Supplied data>
——————————
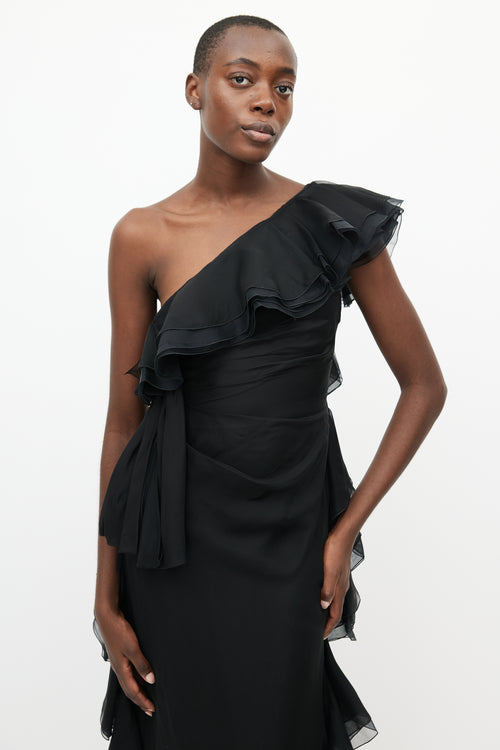 Valentino Black Silk Ruffled Tulle Dress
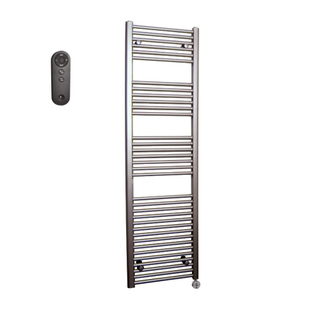 Sanicare HVS Elektrische Radiator - 172x60cm - 1127W - met afstandsbediening - thermostaat - chroom - rechtsonder - inox look (zilver)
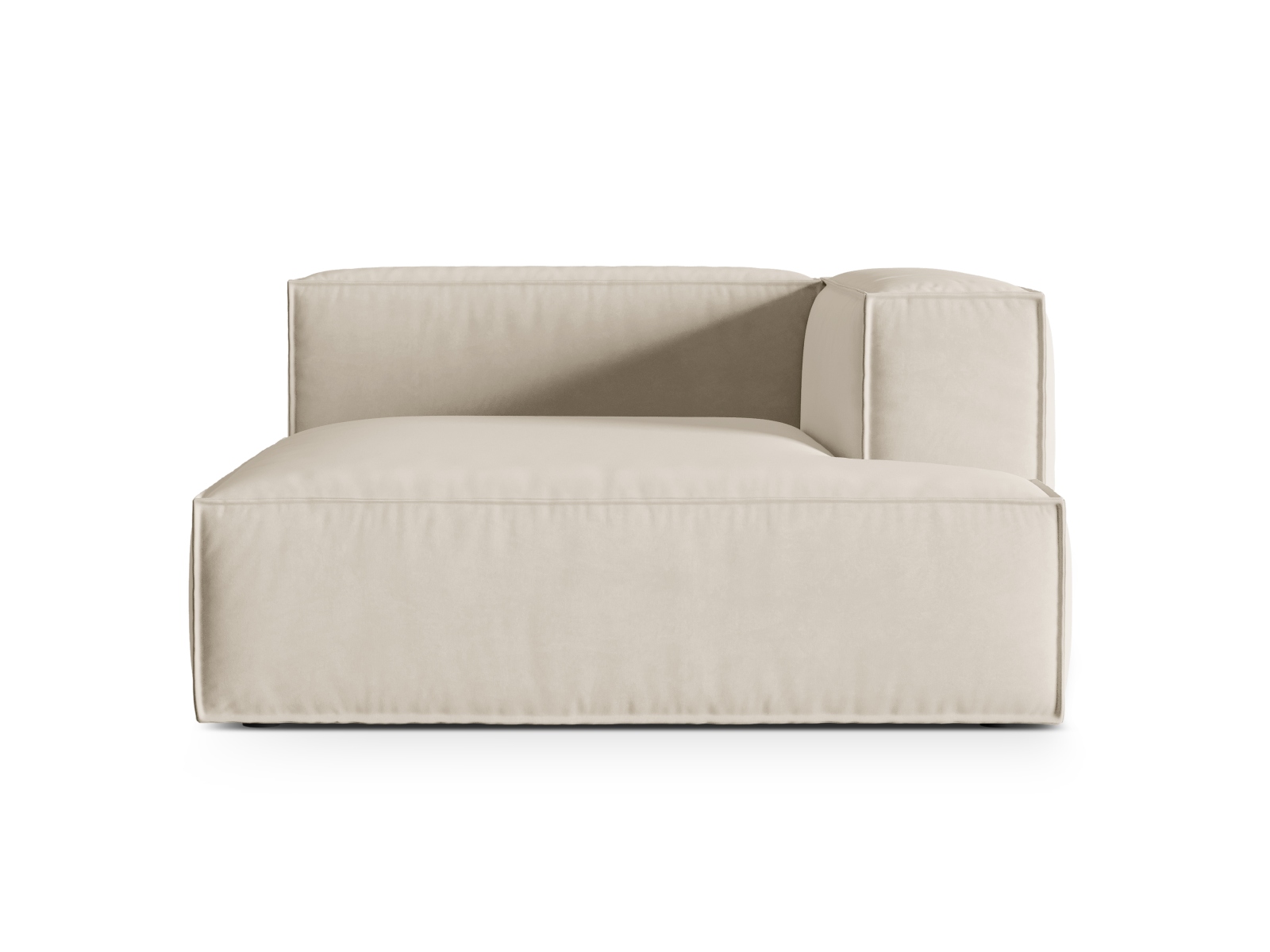 Velvet Chaise Longue Right, "Nuria", 1 Seat, 147x147x72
——————————
Your task> Copy every line above exactly, leaving no picture in the copy.

Result for this task>
 Valentino Black Silk Ruffled Tulle Dress
 Sanicare HVS Elektrische Radiator - 172x60cm - 1127W - met afstandsbediening - thermostaat - chroom - rechtsonder - inox look (zilver)
 Velvet Chaise Longue Right, "Nuria", 1 Seat, 147x147x72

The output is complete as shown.